Question

What would the limiting reagent be for the reacton between 1.33g of sodium bromide, 0.8g of i-butanol, and 2g of concentrated H2SO4?

Answer 1

Given :

NaBr = 1.33 g

I butanol = 0.8 g

H2SO4 = 2 g

When we allow above reactant then we get bromobutane from butanol.

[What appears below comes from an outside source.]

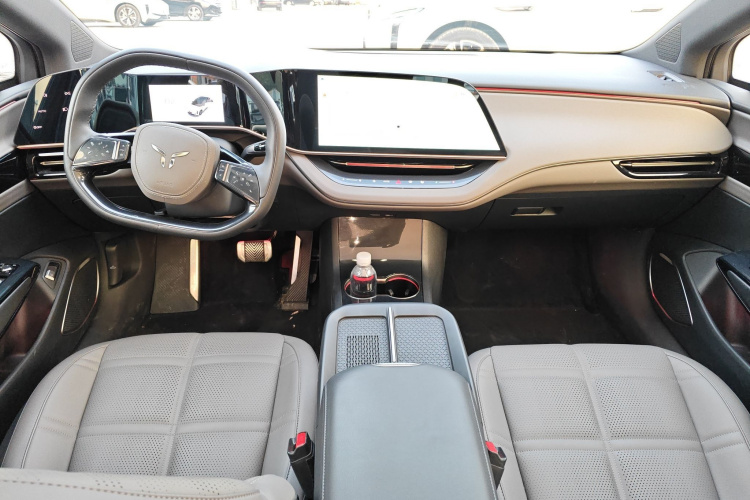 HongQi EH7 2024 car image #10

Lets show its chemical reaction

2NaBr +2 ibutanol + H2SO4 -- > Na2SO4 +2 bromobutane + 2 H2O

Mol ratio of NaBr to butanol to H2SO4 is 2 : 2 : 1

Calculation of moles of NaBr

Mol = mass in g /molar mass

n NaBr = 1.33 g x 1 mol / 102.894 g

=0.01293 mol

n butanol = 0.8 g x 1 mol / 74.12 g

= 0.0179 mol

n H2SO4 = 2 g x 1 mol / 98.079 g

= .0204 mol H2SO4

Lets find moles of any product from all of these reactant

Lets calculate moles of bromobutane

From NaBr

n bromobutane = n NaBr x 2 mol Bromobutane / 2 mol NaBr

=0.01293 mol n bromobutane

From H2SO4

= 0.0204 mol H2SO4 x 2 mol bromobutane / 1 mol H2SO4

=0.0407 mol bromobutane

From butanol

= 0.0179 mol x 2 mol bromobutane /2 mol butanol

= 0.0179 mol Bromobutane

Moles of Bromobutane from NaBr are less so NaBr is limiting reactant since product formation depends totally on limiting reactant.